2.最も重要と考える課題「1.(1)3Dデータの活用」の解決策

(1)3Dデータを基にGP4等の生産ラインシミュレーションを行う事によって最適な工程設計を行う。

(2)3Dデータで示された設計の加工や組み立てをどのセル、ラインで行えば最も効率的かMES(製造実行システム)を使ってリアルタイムで自動判断する。

(3)個別受注製品で人手に頼る際も、その3Dデータを基に作成された作業ナビゲーションを作業者のウエアラブル端末に表示し、更にはAR(拡張現実)で示す事で高効率に作業を進められるようにする。

3.リスクと対策

リスク:設計部門で設計変更があった際、新3Dデータをすべてのシステム、装置に入力する必要がある。しかし各システム、装置担当者に依頼すると人的ミスにより漏れが発生するリスクがある。

対策:設計部門のコンピュータから製造部門の基幹コンピュータに新3Dデータを転送すればそこからIoT経由で生産ラインシミュレータ、MES、作業ナビゲーション等生産部門の全装置、システムに漏れなく反映されるシステムにする。

予想問題 Ⅲ-6 簡易答案

今日製品開発に当たっては、要求仕様の満足度をCAEによって見積もることが設計業務の効率化、ひいてはコストダウンや労働者不足の観点から重要視される。しかし、CAEで見積もった値は製品性能の一面に過ぎないため、これを鵜呑みにし試作による確認を怠ると通常の使用状態や多面的な評価では高性能とは言えない製品を製造・販売してしまうことになる。このような製品は消費者や社会の期待を裏切るものである。これを踏まえて、以下の問いに答えよ。

 

(1)機械製品のものづくりにCAEを活用した設計部門の設計に対して、機械製品統括技術者の立場で多面的な観点から複数の課題を抽出し分析せよ。

(2)抽出した課題のうち最も重要と考える課題を1つ挙げ、その課題に対する解決策を具体的に3つ示せ。

(3)解決策に共通して新たに生じるリスクとそれへの対策について述べよ。

1.課題の抽出と分析

 

(1)パラメータの妥当性向上:適切なパラメータをシミュレーションに用いる。パラメータをそのまま使わずに実製品の構造や使われ方に則して補正し、又世の中にデータがなければ自社で測定する。

(2)バーチャルモデルによる確認:CAEで求めた解をバーチャルモデルで表現する事で、容易に製品に起こる現象を理解できる様にしてレビューしながら設計を進める。
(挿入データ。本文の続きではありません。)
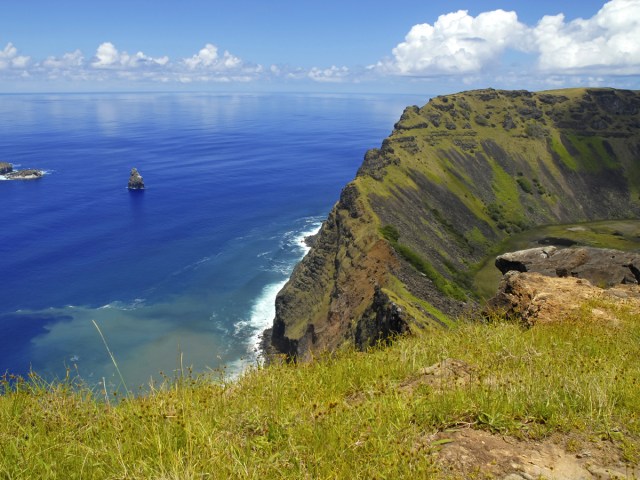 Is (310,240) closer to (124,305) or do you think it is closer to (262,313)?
(262,313)


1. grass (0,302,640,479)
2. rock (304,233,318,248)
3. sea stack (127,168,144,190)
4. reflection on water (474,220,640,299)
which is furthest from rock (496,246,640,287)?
sea stack (127,168,144,190)

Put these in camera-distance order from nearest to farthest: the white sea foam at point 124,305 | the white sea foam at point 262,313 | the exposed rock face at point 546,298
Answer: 1. the exposed rock face at point 546,298
2. the white sea foam at point 262,313
3. the white sea foam at point 124,305

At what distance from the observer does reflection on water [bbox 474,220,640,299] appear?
4251 inches

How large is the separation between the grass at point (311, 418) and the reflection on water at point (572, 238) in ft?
318

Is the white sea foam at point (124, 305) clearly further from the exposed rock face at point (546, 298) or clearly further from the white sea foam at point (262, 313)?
the exposed rock face at point (546, 298)

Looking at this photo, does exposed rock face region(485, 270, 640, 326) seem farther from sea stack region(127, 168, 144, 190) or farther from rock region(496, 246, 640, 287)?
sea stack region(127, 168, 144, 190)

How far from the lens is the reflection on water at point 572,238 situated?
10799cm

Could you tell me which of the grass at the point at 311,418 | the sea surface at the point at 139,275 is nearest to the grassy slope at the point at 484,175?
the sea surface at the point at 139,275

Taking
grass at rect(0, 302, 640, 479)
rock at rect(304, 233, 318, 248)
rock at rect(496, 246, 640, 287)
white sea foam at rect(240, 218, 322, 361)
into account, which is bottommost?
white sea foam at rect(240, 218, 322, 361)

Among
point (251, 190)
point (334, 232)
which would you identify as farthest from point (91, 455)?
point (251, 190)

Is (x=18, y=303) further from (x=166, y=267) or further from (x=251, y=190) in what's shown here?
(x=251, y=190)

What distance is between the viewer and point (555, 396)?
6914 mm

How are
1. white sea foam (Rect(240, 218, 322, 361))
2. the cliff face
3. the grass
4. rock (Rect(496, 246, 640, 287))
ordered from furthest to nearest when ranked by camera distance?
white sea foam (Rect(240, 218, 322, 361)) → the cliff face → rock (Rect(496, 246, 640, 287)) → the grass

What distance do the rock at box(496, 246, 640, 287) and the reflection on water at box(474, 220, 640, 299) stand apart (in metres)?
73.2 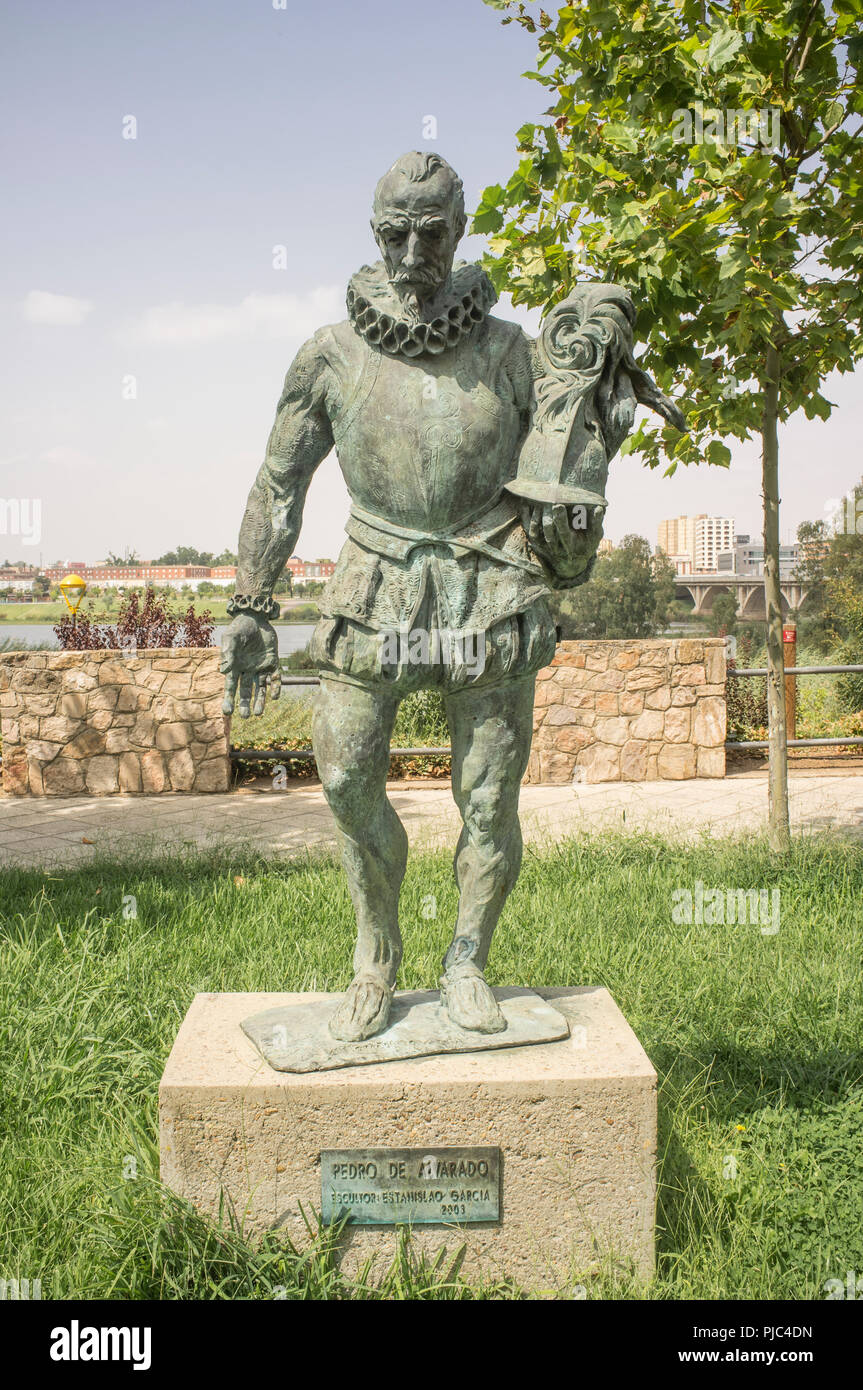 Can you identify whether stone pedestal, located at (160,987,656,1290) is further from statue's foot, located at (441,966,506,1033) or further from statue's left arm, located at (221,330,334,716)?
statue's left arm, located at (221,330,334,716)

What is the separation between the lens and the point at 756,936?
14.0ft

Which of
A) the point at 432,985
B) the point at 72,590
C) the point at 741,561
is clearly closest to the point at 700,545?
the point at 741,561

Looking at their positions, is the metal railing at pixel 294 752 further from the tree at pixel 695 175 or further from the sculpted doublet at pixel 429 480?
the sculpted doublet at pixel 429 480

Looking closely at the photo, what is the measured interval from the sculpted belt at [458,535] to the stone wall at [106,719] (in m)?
5.63

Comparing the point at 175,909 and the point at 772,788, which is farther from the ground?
the point at 772,788

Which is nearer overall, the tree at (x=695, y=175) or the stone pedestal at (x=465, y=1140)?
the stone pedestal at (x=465, y=1140)

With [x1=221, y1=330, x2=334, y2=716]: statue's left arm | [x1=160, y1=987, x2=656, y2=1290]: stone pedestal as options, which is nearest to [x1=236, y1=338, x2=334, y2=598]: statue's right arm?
[x1=221, y1=330, x2=334, y2=716]: statue's left arm

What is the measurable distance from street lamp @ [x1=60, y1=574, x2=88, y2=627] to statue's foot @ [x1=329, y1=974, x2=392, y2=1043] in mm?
8336

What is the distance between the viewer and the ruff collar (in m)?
2.39

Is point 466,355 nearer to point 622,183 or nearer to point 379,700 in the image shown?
point 379,700

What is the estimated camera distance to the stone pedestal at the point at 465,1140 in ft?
7.84

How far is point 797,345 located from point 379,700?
3.42 metres

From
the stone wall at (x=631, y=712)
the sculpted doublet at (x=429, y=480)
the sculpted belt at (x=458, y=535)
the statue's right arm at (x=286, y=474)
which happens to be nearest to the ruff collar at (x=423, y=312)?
the sculpted doublet at (x=429, y=480) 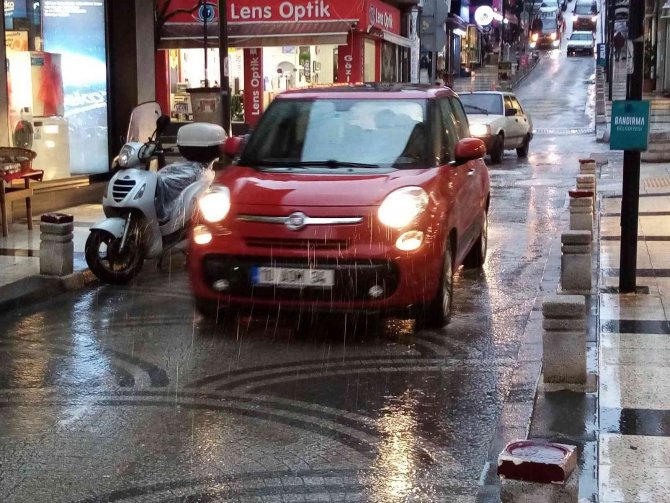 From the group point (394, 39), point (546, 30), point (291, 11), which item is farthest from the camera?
point (546, 30)

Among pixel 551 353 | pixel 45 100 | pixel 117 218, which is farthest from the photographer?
pixel 45 100

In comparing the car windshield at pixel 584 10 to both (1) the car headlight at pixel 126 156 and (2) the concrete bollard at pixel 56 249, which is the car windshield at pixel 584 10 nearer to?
(1) the car headlight at pixel 126 156

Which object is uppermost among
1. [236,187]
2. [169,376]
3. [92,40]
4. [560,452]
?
[92,40]

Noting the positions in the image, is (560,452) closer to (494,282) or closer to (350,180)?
(350,180)

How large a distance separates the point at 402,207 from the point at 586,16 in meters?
76.9

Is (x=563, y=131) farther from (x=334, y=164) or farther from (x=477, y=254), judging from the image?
(x=334, y=164)

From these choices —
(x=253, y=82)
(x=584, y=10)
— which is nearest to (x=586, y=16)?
(x=584, y=10)

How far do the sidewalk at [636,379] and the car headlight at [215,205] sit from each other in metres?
2.77

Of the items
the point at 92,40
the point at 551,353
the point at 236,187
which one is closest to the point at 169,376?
the point at 236,187

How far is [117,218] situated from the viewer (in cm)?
959

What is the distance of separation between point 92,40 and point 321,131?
26.9ft

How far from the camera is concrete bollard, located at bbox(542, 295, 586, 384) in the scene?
238 inches

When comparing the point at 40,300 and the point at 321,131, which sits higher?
the point at 321,131

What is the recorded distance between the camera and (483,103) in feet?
79.1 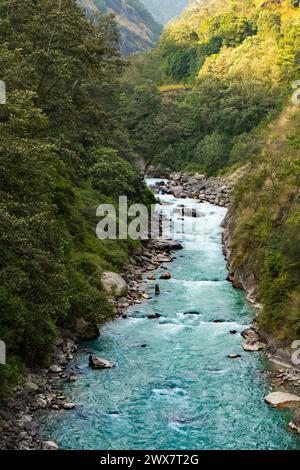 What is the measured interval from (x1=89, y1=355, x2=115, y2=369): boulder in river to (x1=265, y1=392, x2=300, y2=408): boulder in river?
19.9 ft

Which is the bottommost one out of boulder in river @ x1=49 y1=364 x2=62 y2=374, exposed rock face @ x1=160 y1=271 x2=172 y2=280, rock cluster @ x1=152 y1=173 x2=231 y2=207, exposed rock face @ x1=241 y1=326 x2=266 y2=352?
boulder in river @ x1=49 y1=364 x2=62 y2=374

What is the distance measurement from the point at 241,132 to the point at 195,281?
45049mm

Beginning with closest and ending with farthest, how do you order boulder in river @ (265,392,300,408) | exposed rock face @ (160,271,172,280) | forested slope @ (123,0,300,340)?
boulder in river @ (265,392,300,408), forested slope @ (123,0,300,340), exposed rock face @ (160,271,172,280)

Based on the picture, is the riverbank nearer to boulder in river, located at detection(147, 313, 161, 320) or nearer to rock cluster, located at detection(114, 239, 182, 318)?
rock cluster, located at detection(114, 239, 182, 318)

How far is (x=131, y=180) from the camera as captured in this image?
40.7 metres

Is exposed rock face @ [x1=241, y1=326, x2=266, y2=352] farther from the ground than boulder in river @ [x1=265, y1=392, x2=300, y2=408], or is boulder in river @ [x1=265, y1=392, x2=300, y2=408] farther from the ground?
exposed rock face @ [x1=241, y1=326, x2=266, y2=352]

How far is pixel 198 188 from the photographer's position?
6350cm

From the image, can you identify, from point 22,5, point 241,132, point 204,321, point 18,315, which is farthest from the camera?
point 241,132

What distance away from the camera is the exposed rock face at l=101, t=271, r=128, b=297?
27655mm

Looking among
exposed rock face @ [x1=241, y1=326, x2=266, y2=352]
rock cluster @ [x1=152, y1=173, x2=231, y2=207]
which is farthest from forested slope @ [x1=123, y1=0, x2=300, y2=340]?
rock cluster @ [x1=152, y1=173, x2=231, y2=207]

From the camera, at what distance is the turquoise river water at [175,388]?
16.2 m

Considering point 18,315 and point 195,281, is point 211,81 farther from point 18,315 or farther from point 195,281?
point 18,315

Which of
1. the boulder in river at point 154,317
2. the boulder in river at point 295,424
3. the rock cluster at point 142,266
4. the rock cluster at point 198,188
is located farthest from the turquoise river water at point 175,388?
the rock cluster at point 198,188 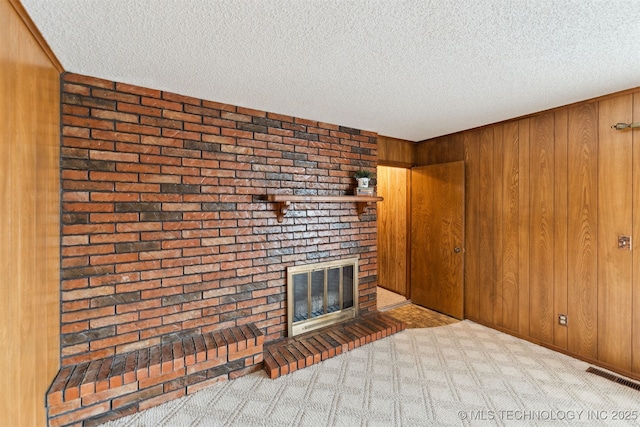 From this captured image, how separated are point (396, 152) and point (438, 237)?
1281 mm

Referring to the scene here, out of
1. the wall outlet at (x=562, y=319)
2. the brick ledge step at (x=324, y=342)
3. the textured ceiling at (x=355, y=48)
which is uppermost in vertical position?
the textured ceiling at (x=355, y=48)

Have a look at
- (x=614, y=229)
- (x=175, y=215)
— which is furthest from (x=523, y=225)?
(x=175, y=215)

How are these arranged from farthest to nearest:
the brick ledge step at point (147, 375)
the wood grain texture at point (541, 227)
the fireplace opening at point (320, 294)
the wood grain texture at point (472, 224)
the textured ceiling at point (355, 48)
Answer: the wood grain texture at point (472, 224)
the fireplace opening at point (320, 294)
the wood grain texture at point (541, 227)
the brick ledge step at point (147, 375)
the textured ceiling at point (355, 48)

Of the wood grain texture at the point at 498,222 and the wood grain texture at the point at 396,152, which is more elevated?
the wood grain texture at the point at 396,152

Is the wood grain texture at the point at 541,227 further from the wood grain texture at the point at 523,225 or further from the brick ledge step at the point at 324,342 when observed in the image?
the brick ledge step at the point at 324,342

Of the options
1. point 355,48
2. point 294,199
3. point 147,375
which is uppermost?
point 355,48

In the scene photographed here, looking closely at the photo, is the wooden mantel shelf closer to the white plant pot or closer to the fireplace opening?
the white plant pot

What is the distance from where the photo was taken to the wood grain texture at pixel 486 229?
3.28m

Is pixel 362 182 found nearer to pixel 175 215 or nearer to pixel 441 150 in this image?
pixel 441 150

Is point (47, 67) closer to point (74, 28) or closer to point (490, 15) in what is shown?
point (74, 28)

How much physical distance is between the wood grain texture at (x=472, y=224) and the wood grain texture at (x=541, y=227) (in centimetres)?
56

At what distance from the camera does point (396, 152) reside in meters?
3.99

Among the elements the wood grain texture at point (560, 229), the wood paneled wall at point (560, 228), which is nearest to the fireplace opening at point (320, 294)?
the wood paneled wall at point (560, 228)

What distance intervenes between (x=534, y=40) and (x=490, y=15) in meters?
0.42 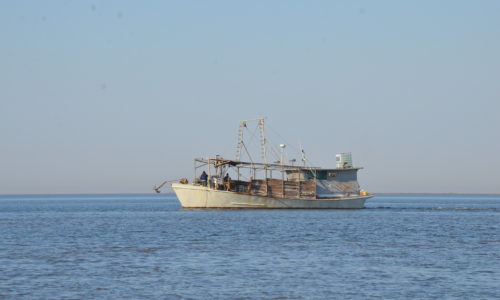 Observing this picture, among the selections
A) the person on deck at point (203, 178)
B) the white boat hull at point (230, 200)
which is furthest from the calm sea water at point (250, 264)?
the person on deck at point (203, 178)

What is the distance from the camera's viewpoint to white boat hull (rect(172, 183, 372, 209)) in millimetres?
85369

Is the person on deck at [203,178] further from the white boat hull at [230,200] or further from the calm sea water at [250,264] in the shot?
the calm sea water at [250,264]

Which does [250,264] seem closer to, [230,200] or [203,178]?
[230,200]

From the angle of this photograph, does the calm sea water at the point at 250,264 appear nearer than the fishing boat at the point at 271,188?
Yes

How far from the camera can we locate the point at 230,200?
86000mm

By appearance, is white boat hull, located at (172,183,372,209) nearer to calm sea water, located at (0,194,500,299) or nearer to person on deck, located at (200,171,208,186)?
person on deck, located at (200,171,208,186)

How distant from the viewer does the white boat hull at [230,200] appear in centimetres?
8537

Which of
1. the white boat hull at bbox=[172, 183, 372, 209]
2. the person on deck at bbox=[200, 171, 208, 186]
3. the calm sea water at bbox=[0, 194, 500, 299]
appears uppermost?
the person on deck at bbox=[200, 171, 208, 186]

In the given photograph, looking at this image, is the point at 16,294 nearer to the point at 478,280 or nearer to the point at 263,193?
the point at 478,280

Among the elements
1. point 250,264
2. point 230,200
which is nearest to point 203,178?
point 230,200

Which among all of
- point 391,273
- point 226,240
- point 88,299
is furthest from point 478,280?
point 226,240

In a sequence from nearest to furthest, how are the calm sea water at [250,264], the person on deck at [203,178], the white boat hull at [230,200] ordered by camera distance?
the calm sea water at [250,264] → the white boat hull at [230,200] → the person on deck at [203,178]

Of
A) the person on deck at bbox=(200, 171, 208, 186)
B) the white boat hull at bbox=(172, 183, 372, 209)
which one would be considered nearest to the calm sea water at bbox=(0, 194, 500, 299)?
the white boat hull at bbox=(172, 183, 372, 209)

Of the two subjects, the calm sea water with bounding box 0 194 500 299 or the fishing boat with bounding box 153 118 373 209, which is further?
the fishing boat with bounding box 153 118 373 209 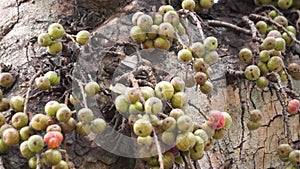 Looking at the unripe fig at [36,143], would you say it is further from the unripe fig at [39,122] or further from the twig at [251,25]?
the twig at [251,25]

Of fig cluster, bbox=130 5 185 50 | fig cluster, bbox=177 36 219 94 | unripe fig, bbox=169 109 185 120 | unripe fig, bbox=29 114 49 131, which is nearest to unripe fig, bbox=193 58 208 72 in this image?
fig cluster, bbox=177 36 219 94

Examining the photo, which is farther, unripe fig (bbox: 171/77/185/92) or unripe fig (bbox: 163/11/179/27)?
unripe fig (bbox: 163/11/179/27)

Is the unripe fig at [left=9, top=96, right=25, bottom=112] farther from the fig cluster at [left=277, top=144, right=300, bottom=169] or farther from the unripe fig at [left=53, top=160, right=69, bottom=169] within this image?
the fig cluster at [left=277, top=144, right=300, bottom=169]

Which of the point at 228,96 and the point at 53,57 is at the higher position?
the point at 53,57

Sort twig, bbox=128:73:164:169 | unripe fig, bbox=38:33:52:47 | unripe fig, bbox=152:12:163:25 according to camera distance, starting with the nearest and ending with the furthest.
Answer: twig, bbox=128:73:164:169 → unripe fig, bbox=38:33:52:47 → unripe fig, bbox=152:12:163:25

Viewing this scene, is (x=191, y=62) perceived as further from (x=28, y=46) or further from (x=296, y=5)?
(x=296, y=5)

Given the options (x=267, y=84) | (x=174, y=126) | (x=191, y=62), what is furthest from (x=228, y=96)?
(x=174, y=126) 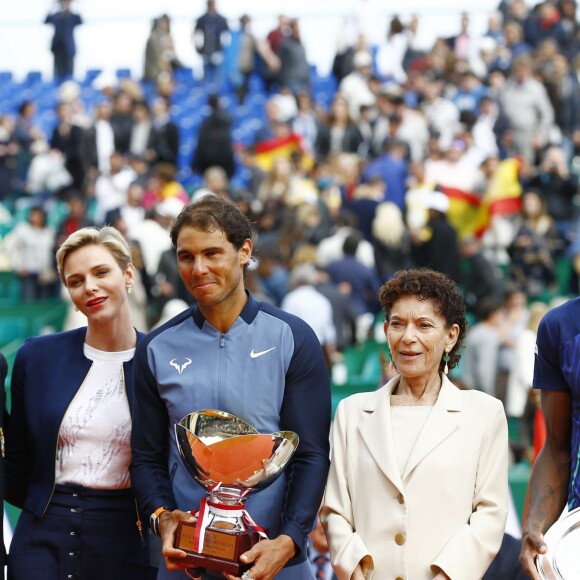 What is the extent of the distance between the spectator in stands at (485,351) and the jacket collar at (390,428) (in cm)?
599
(3)CAEリソースの有効活用:複雑な機構もなるべく短時間で経済的に精度の高いシミュレーションをする。メッシュ分割やモデルの簡略化を適切にする。

2.最も重要と考える課題「1.(1)」の解決策

(1)S-N曲線データと応力計算値Sから耐久寿命(Nの回数)を算出する。S-N曲線測定時の様に引張応力と圧縮応力が同じ大きさで繰り返す事は実際希なので、S-N曲線を平均応力修正理論で補正して計算する。

(2)同じ材質でも、処理条件や、バルクと薄膜の違い等で物性値が変化するので、実際使われる部品に則した態様の材質の物性値で計算する。

(3)複数のパラメータの誤差がシミュレーション結果へ影響する大きさを見積もる。誤差ばらつきが正規分布する場合は平方和、しない場合は公差を単純和して見積もるシミュレータのアルゴリズムにする。

3.リスクと対策

リスク1:製品の挙動や機能を示すモデルや解析データがリアル環境を再現できず、実製品で想定外の力学挙動や応力発生により事故が生じる恐れがある。

対策1:最終検証はバーチャルと実物試作を併用する。

リスク2:リアル製品の出来具合やリアル環境のばらつきによって事故の起こるリスクがある。

対策2:リアル環境を想定した多種多量のデータにシックスシグマの原則を適用することで品質上の問題となりうる潜在的なリスクを解消する。